Methods and protocols
Antibiotic lookup
Each compound is queried against the Ontology Lookup Service first against the Antibiotic Resistance Ontology (ARO) and then against Chemical Entities of Biological Interest (ChEBI) should no record be found. ARO queries are restricted to all children of ARO:1000003 antibiotic molecule. ChEBI queries are similar restricted to all children of CHEBI:33281 antimicrobial agent. Should no record be found we omit any details.
Phenotype data generation
Data sets of literature containing values for minimum inhibitory concentrations were curated by the Comprehensive Assessment of Bacterial-Based AMR prediction from Genotypes (CABBAGE) project based at Imperial College London. These data were further harmonised by the Samples, Phenotypes, and Ontologies Team at EMBL-EBI to provide normalisation including:
- Antibiotic names and ontological terminology
- Accessions linking to BioSamples and ENA
- Controlled vocabulary for term restricted fields
- Column naming conventions
Where possible original CABBAGE data has been retained. In addition to this normalisation these records will be brokered back to BioSamples ensuring further persistence of these data beyond the portal.
Genotype data generation
Genomes from the Comprehensive Assessment of Bacterial-Based AMR prediction from Genotypes (CABBAGE) were annotated with mettannotator providing exhaustive annotation of prokaryotic genomes. AMRFinderPlus and UniFire (the UniProt Functional annotation Inference Rule Engine) are executed on these annotations to provide predictions of AMR.

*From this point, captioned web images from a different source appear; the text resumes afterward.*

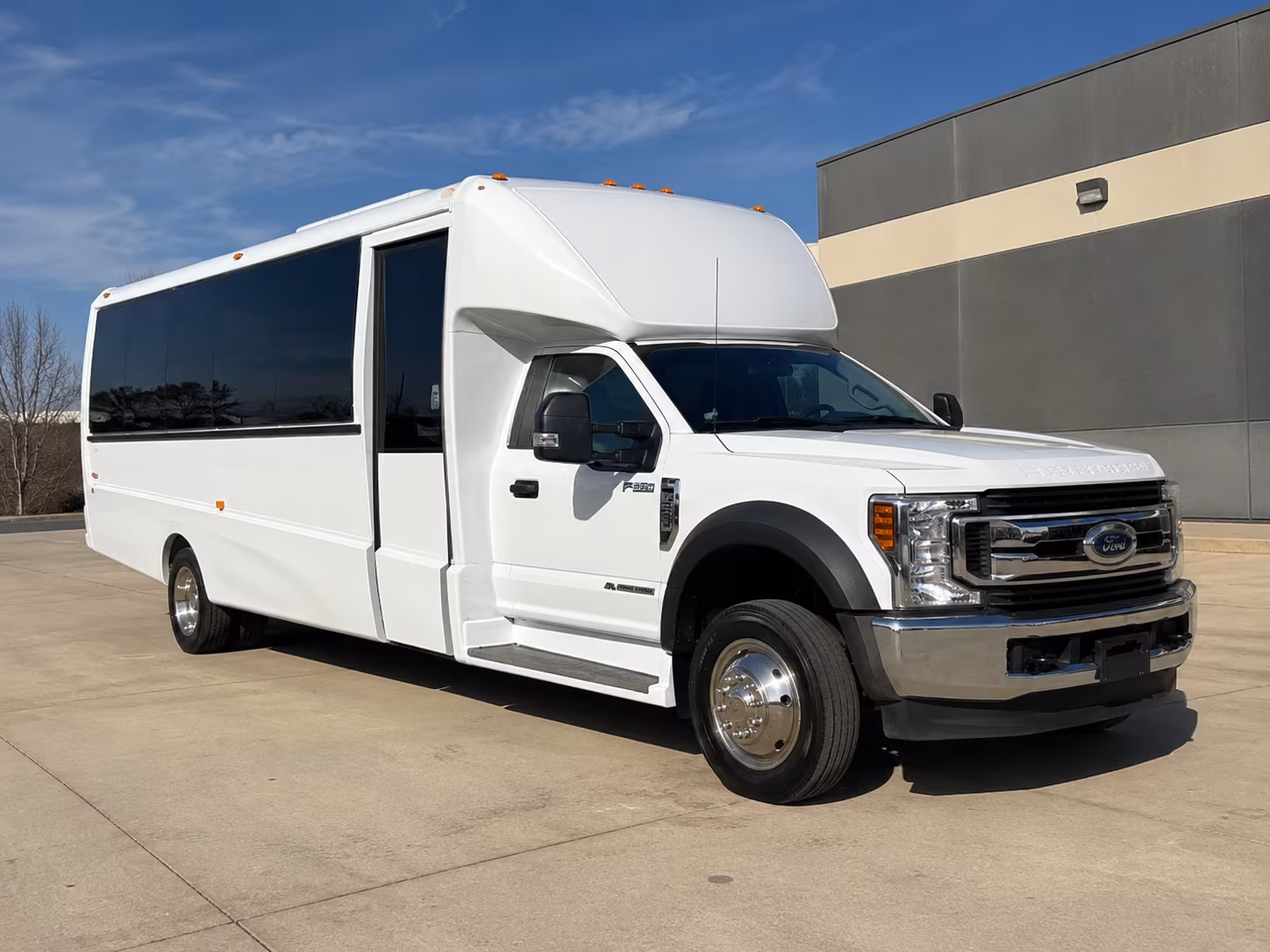 Brooklyn Wedding Transportation & Shuttle Service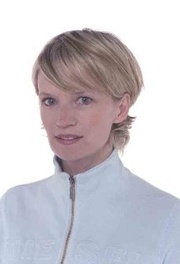 Джейн Тернер (Jane Turner)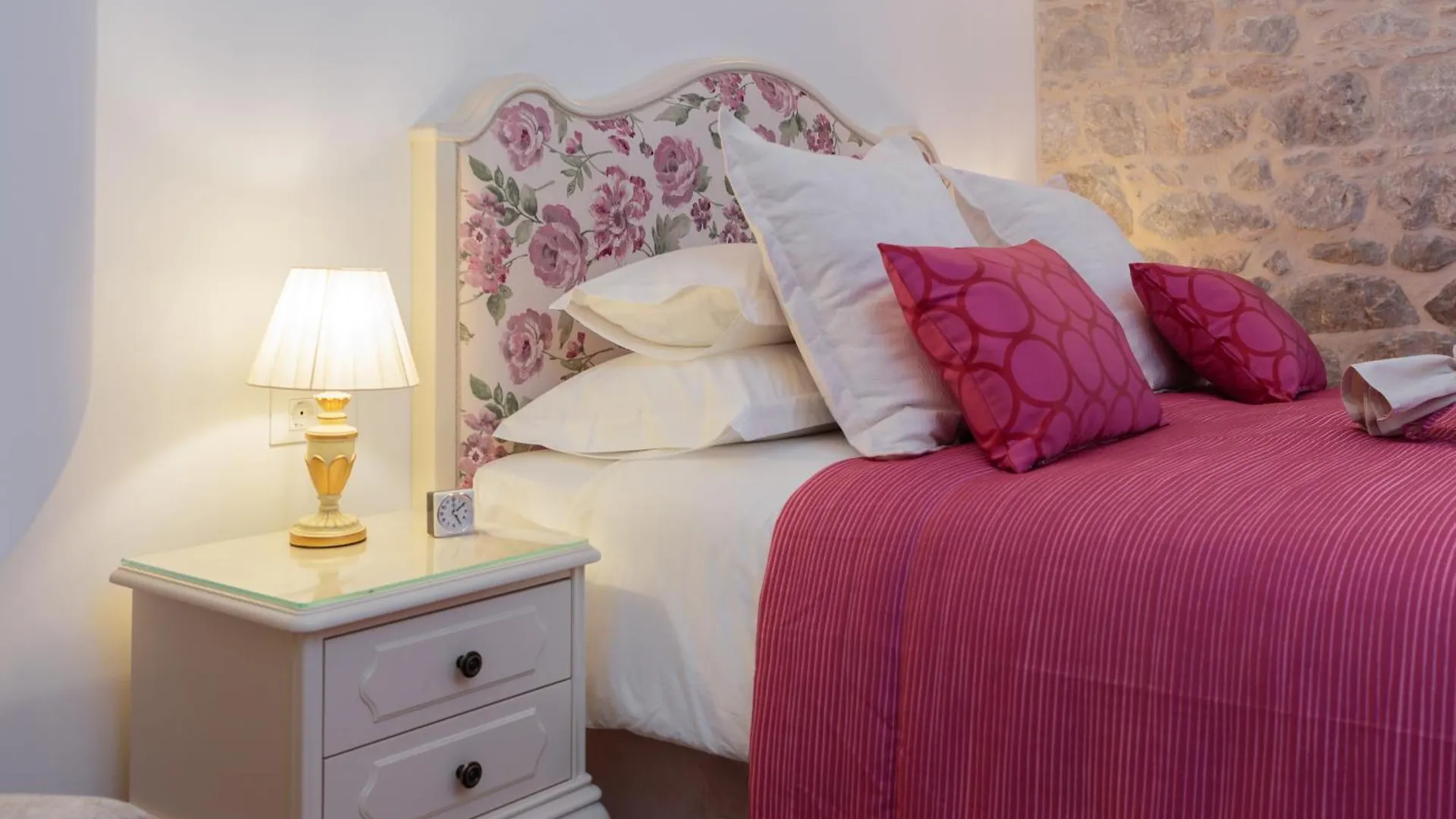 Bed & Breakfast Opera Heritage Rooms Split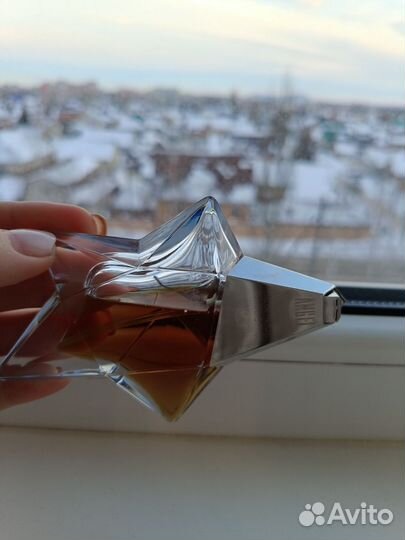 Ангел мюглер парфюм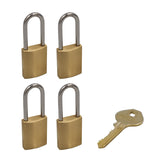 Personal Isolation Padlock - 38mm Shackle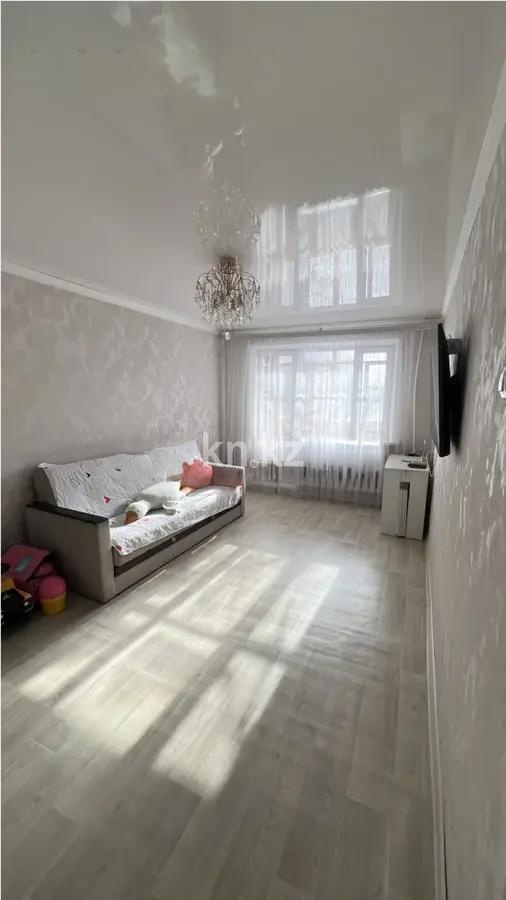 Продажа 2-комнатной квартиры, 44 м² в Караганде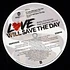 Bobby D'Ambrosio - Love Will Save The Day Feat. Stephanie Jeannot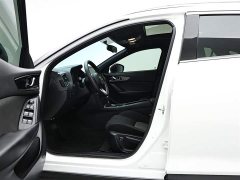 Mazda CX-4 2021 2.0L automatic two-wheel drive Blue Sky Vibrant Edition - фото 10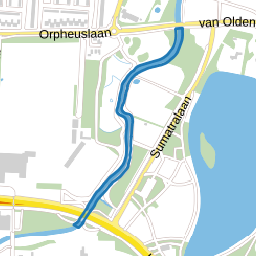 Perceel WSL01-K-1863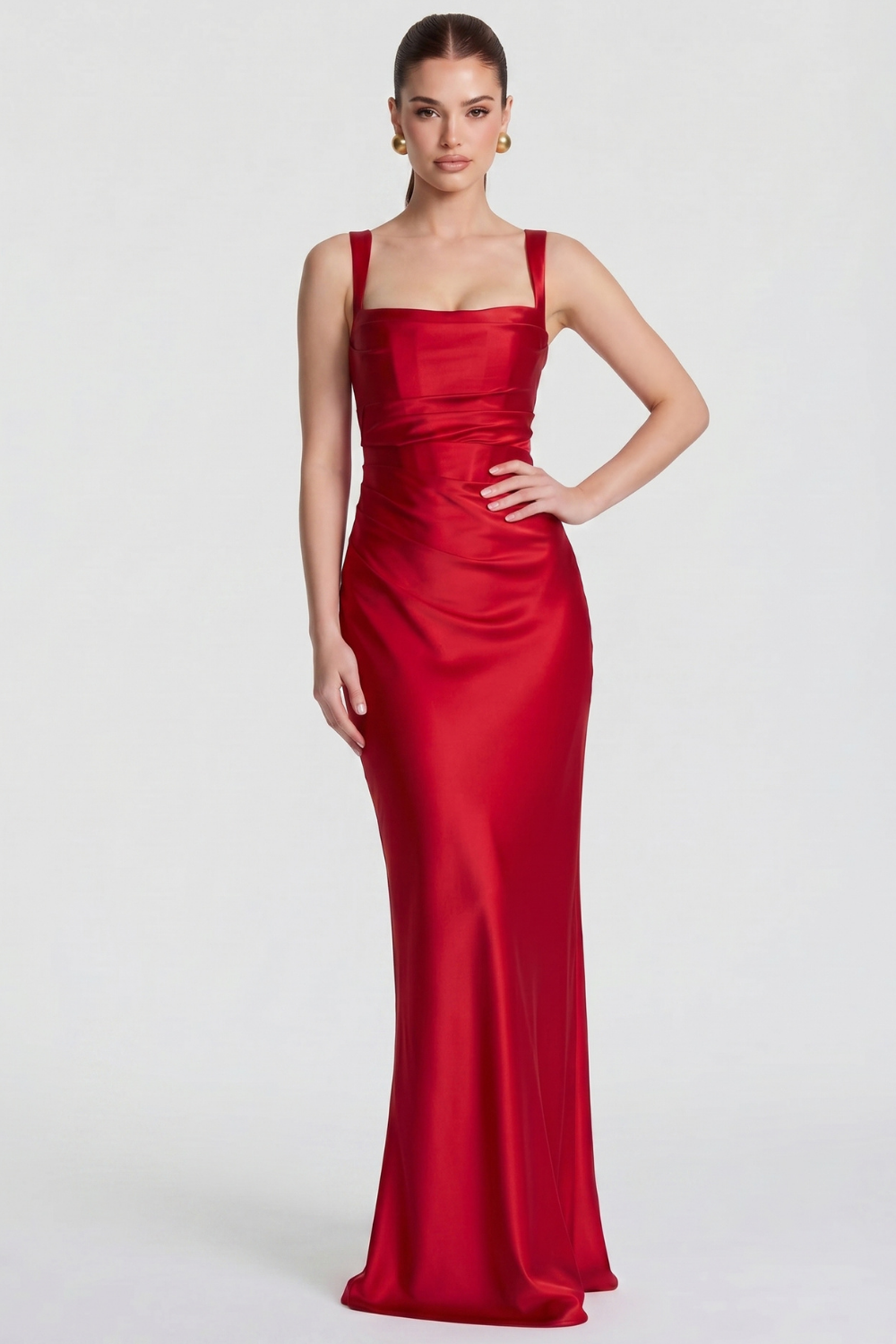 Bustierkleid von Analice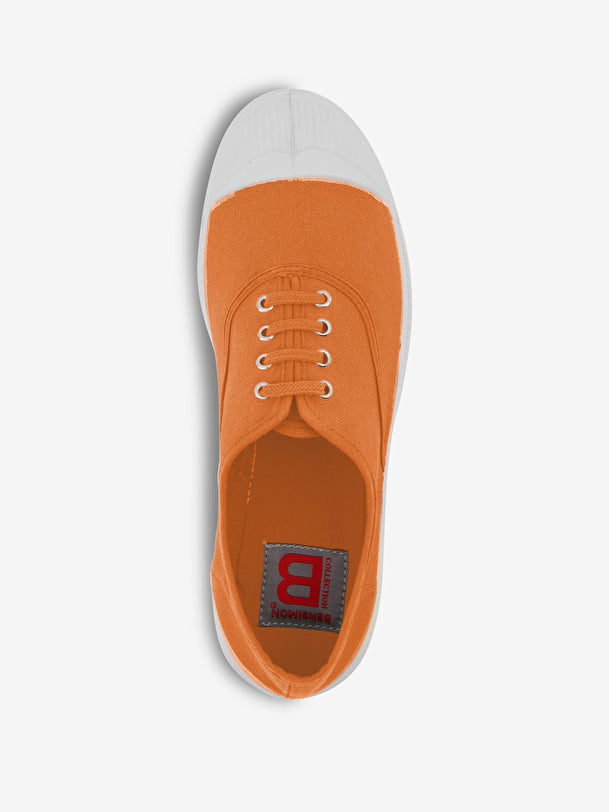 Women’s Tennis Lace - Orange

Annotation using mettannotator
mettannotator is a bioinformatics pipeline that generates an exhaustive annotation of prokaryotic genomes using existing tools. The output is a GFF file that integrates the results of all pipeline components. Results of each individual tool are also provided. Version 4.0.23 of AMRFinderPlus was used alongside database version 4.0 2025-07-16.1. In future versions UniFIRE will be used to generate additional in silico predictions. v1.5.0 of mettannotator was used by this portal.
Parsing of results
GFF and AMRFinderPlus' output is taken and parsed using our Python tool. We select records related to the class AMR and exclude those annotated as STRESS or VIRULENCE. Records which are supported by a hidden Markov model (HMM) have their accession noted.
Normalisation
Additional antibiotic processing
Antibiotic records are taken from the class and subclass output from AMRFinderPlus. Where these output are the same, we indicate this is an annotation at the level of a class of antimicrobial compound. Where they differ we assume this will refer to a specific compound. Where we have records where the class is set to a value such as AMINOGLYCOSIDE and subclass is set to SPECTINOMYCIN/STREPTOMYCIN we interpret this as two separate calls on AMR and represent it as two records in our resource. We then use the previously described algorithm to retrieve the ontological term.
Archive identifiers
We ensure records are linked to the following archives
assembly_ID: Genome Collection Accession (GCA) or Third Party Annotation (ERZ) made available from the European Nucleotide Archive and National Center for Biotechnology Information and the International Nucleotide Sequence Database Collection (INSDC)BioSample_ID: BioSample identifier available from EMBL-EBI and Genbank. BioSample is linked to a genotype record via the GCA and retrieved via the European Bioinformatic Institute's European Bioinformatics Institute's (EMBL-EBI) web API.taxon_id: Node identifier for the genome in the taxonomic tree
Additional data information
Protein identifiers
Protein identifiers are based on the GCA for a genome and autoincremented number starting at 00001. Identifiers are consistent and unique within a genome.